Every source must define:

  • every or cron - When the posts will be created/updated
  • get_raw_posts - Should return an Enumerable of the page's posts, which will be passed to post_attributes
  • post_attributes - Given a raw post, should return a hash of the post's attributes that'll be saved

url is also often used to set the URL for the @page. It's not required, though, as some sources (e.g. GoogleAnalytics) gather data using methods other than web scraping.

This source is now ready to be used in a feed:

class MyFeed < Omnom::Feed
  sources do
    my_source
  end
end

If you create another source within the MySource namespace and name its class News instead of Default, you would refer to it using my_source__news instead of my_source.

You can create sources within the lib of omnom-app, but when you want to contribute them, please move them to the lib of the omnom gem.

Contributing

Please contribute! Omnom could potentially become an interesting and powerful way to read the internet, and new sources are especially very appreciated.

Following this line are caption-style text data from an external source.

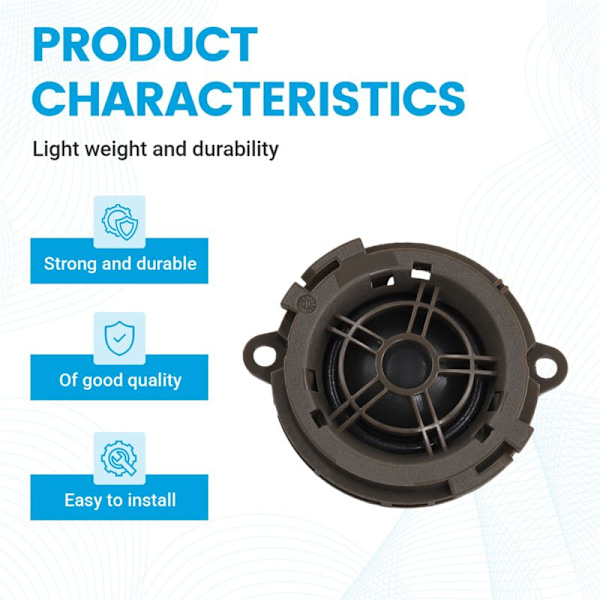 Bilhøyttaler Tweeter Head 6562CR 9666402780 for 307 408 508 C5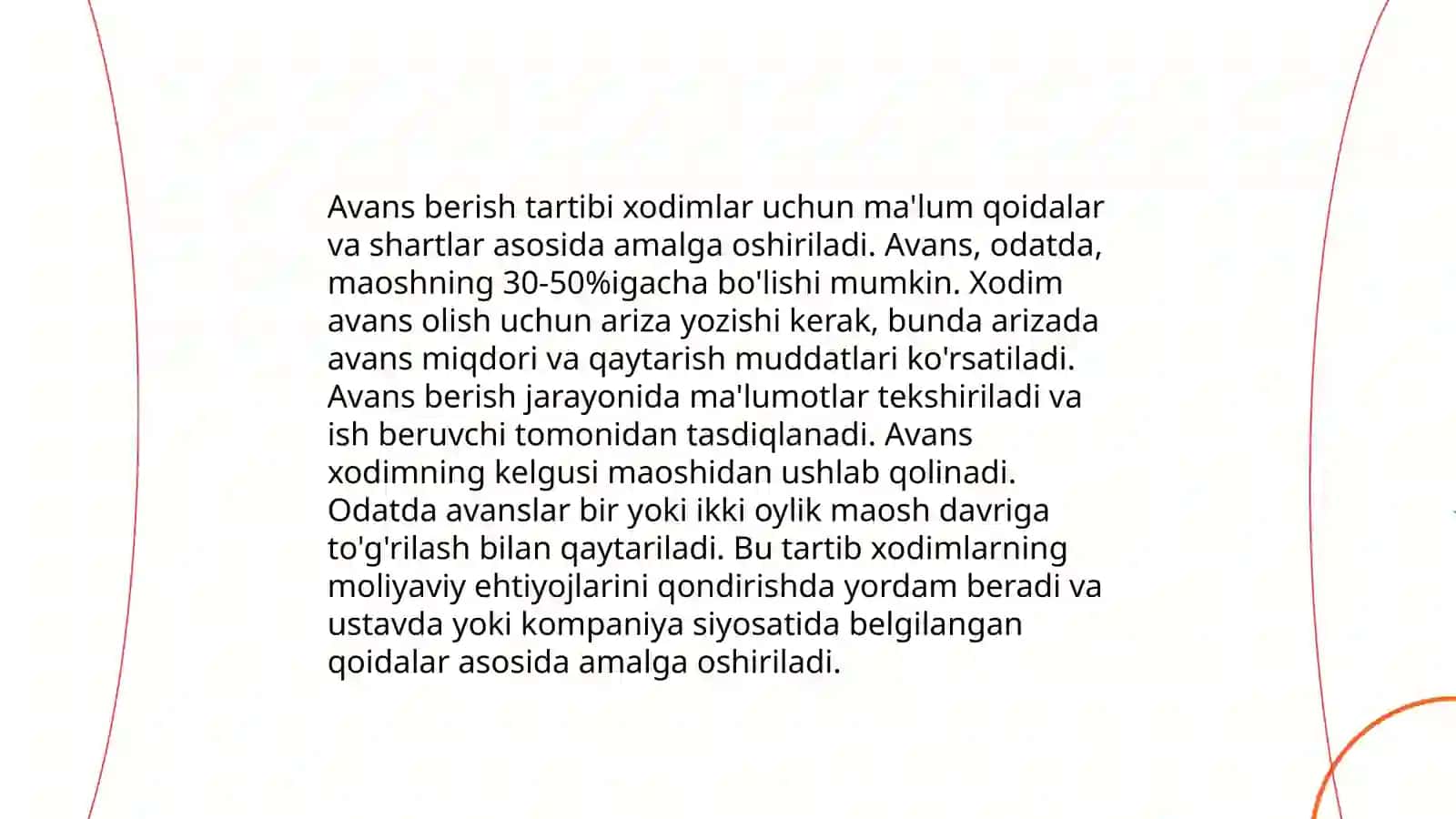 xodimlar bilan berilgan avanslar hisobi 4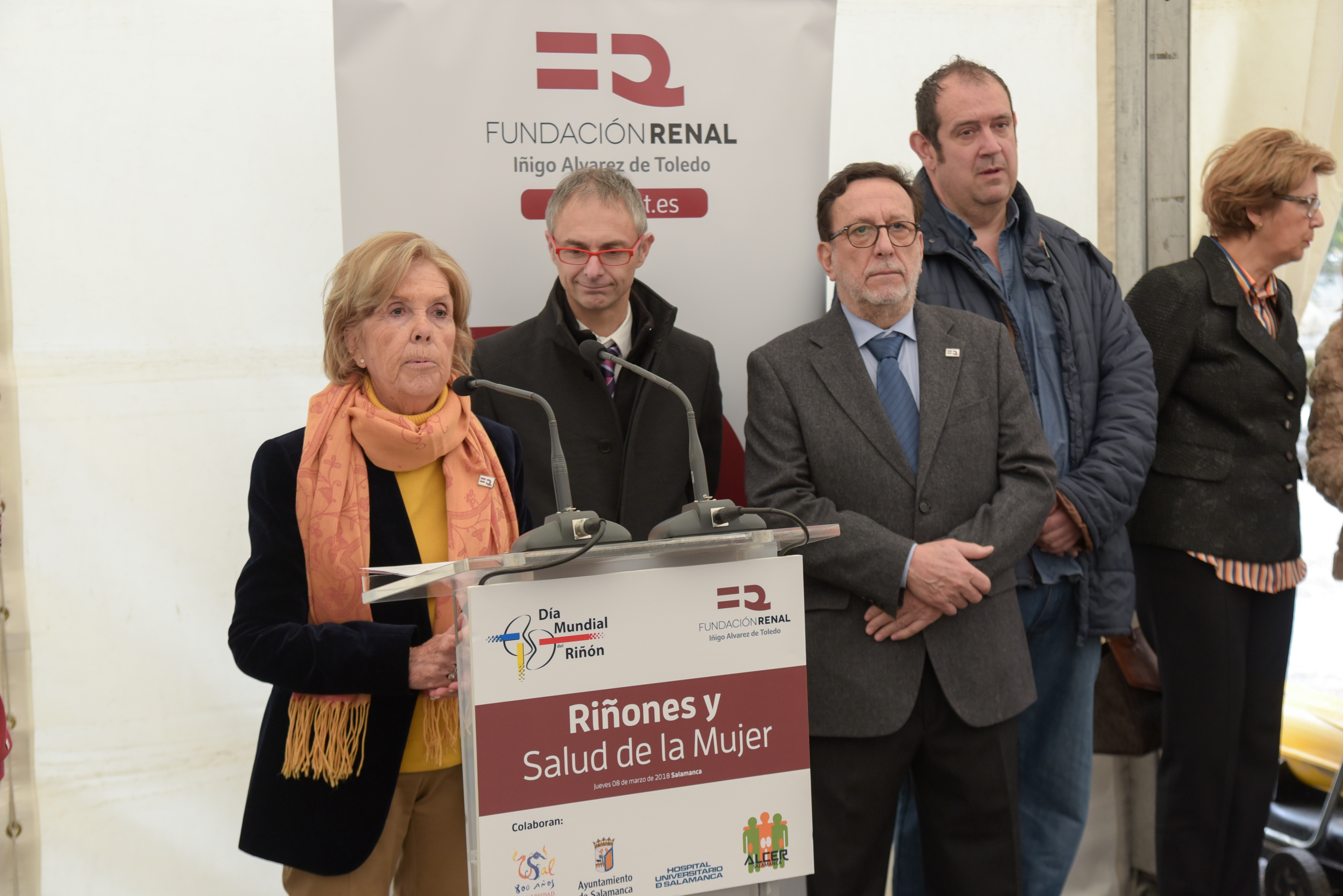 La Universidad de Salamanca participa en el Día Mundial del Riñón organizado por la Fundación Renal Íñigo Álvarez de Toledo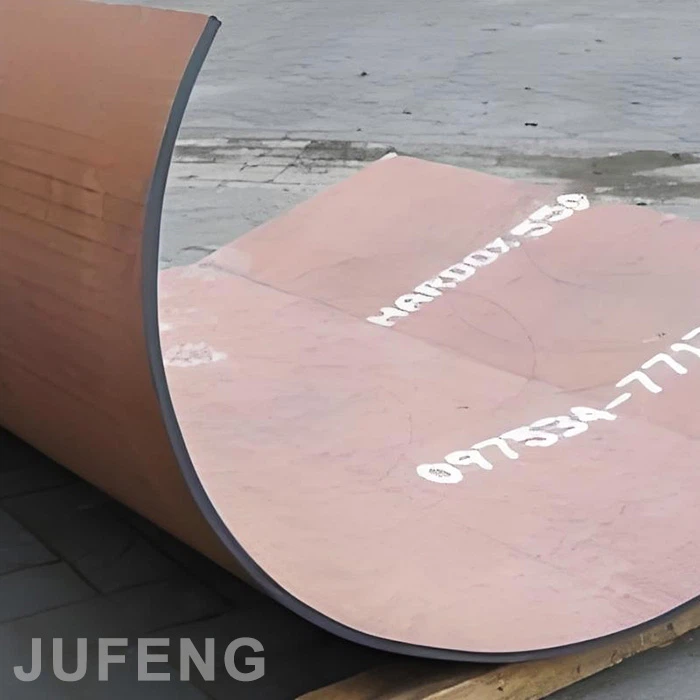 Pláta Cruach Hardoxs 500 Caith Frithsheasmhach in aghaidh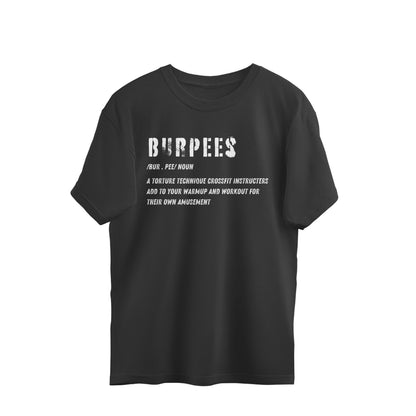 Burpees is a sin | Regular T-shirt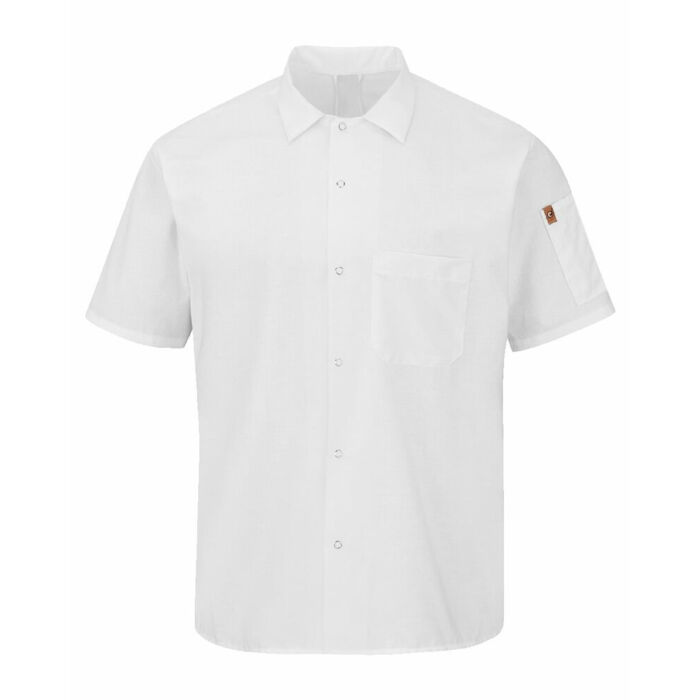 Mimix™ Short Sleeve Cook Shirt with OilBlok Thumbnail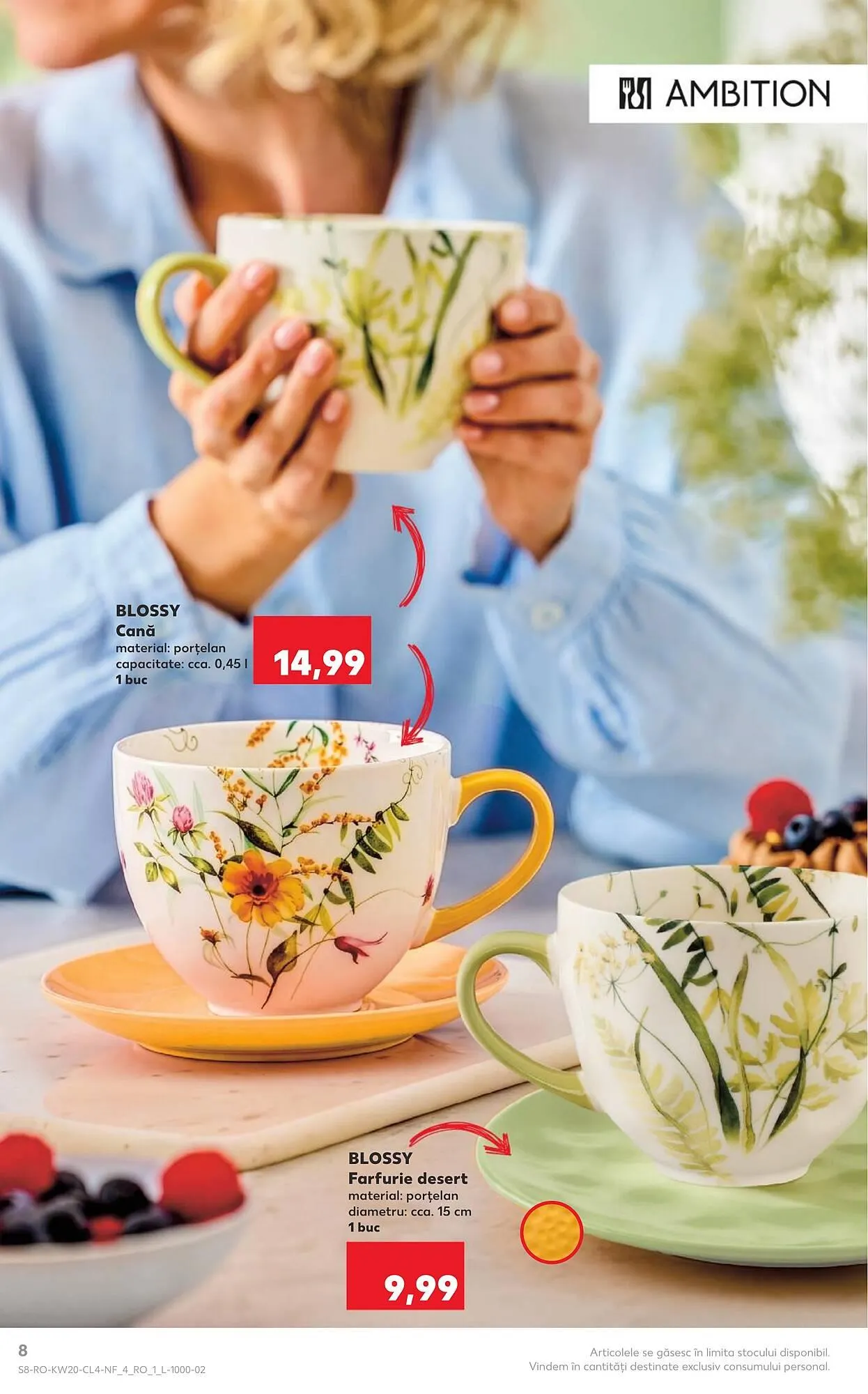 Catalog Catalog Kaufland de la 13 mai până la 19 mai 2026 - Revista Pagina 8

The omnom gem is an engine that lives inside of omnom-app. This allows you to create and modify feeds and sources at your whim and commit them and deploy them to your server without touching the core codebase of omnom.

If you'd like to modify the omnom gem, though, you'll want to clone it and then point omnom-app's Gemfile to your local copy:

gem 'omnom', path: '../path/to/omnom'

Please add specs to test/dummy, and definitely be sure to include a spec for any new sources.

Omnom uses nikkou, which makes the extraction of useful data from HTML and XML easier. If you see any methods that could be added to nikkou, absolutely feel free to add them, too.

License

Omnom is released under the MIT License. Please see the MIT-LICENSE file for details.